Más tormentas.

 Tras el retumbar de los poderosos truenos, la casa silenciosa con mi madre en oración a San Bartolomé, los perros asustados en el porche, el viejo encadenando cigarrillos y el niño asustado; la tormenta se alejaba y salía el arcoiris. Entonces, la consulta al pluviómetro para elegir vehículo. Menos de 40 litros, el Land Rover; más de 40 litros, el tractor Deutz de 80 caballos. En cualquier caso la visión era la misma. Los estrechos barrancos cantarines y las balsas que se formaban en las hondonadas. Los conejos desubicados de sus madrigueras inundadas, inquietos por la sorpresa. Algún astuto zorro que aprovechaba el desconcierto. El huerto invisible bajo la achocolatada agua. No era problema. Mañana estaría en su normal estado, con los tomates sucios de barro pero sabrosos. Entre el perceptible olor a paja mojada se diluía el éter metálico de la confrontación eléctrica entre el cielo y la tierra.
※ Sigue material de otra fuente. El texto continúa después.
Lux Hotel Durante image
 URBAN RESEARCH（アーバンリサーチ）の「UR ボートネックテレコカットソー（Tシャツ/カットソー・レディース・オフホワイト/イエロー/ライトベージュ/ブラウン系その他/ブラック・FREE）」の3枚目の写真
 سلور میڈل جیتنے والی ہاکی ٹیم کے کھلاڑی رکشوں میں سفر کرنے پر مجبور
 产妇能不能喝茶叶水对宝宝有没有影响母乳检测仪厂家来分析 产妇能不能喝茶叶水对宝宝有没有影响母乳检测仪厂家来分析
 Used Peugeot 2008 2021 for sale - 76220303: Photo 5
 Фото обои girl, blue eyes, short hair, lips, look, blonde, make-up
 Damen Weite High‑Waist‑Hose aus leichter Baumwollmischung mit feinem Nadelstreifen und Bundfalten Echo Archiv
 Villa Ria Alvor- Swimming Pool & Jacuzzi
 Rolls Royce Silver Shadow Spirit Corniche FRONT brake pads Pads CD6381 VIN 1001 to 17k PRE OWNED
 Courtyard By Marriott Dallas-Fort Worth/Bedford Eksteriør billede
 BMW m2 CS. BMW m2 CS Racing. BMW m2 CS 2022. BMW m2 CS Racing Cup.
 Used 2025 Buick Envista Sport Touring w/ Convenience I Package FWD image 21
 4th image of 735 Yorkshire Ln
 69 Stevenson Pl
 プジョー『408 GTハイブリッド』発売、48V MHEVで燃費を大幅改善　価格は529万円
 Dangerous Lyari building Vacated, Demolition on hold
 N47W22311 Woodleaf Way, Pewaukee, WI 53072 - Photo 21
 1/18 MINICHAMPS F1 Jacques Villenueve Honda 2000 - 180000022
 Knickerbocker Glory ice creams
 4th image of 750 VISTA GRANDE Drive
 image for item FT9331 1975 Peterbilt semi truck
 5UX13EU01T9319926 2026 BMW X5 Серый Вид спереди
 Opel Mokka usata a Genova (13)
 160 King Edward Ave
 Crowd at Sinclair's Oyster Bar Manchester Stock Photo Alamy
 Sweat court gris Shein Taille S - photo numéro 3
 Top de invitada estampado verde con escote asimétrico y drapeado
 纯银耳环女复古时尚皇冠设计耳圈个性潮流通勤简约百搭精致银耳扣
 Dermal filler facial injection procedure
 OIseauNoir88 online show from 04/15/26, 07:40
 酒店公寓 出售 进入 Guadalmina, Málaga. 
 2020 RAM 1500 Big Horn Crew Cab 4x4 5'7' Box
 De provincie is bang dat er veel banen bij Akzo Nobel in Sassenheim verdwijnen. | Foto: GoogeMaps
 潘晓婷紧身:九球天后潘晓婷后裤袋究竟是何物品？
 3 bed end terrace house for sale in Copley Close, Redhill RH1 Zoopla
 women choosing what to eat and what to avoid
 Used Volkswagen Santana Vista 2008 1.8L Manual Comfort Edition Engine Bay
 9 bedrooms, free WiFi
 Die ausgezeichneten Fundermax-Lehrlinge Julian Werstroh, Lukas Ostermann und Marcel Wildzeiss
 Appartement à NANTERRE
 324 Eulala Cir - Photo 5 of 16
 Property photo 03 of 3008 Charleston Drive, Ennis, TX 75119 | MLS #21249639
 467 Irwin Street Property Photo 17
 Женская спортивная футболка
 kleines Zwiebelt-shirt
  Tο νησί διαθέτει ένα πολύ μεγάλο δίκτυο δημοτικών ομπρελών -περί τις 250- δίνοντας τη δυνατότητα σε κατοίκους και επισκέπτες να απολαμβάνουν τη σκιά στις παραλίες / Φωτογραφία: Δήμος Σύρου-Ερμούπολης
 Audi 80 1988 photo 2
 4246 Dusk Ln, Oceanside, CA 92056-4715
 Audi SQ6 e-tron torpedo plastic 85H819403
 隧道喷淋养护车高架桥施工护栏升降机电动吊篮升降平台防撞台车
Los gorriones se bañaban en los charcos en alegre fiesta y los gatos no salían de las faldas de mi madre. No había pasado ni siquiera una década en que mi padre, solitario pastor, había buscado refugio de una tormenta en el caserío y conocido a mi madre. Ella le saco un vaso de vino y unos mantecados; él se aprendió el camino. El espectáculo había concluido sin grandes estragos blancos: ni piedra ni granizo. Sólo la vida rompiendo el bochorno y la calima, por unas horas. Mañana el sol reclamaría sus pagos y la tierra pagaría sus deudas. En un principio y por los siglos de los siglos, mientras existiera el planeta.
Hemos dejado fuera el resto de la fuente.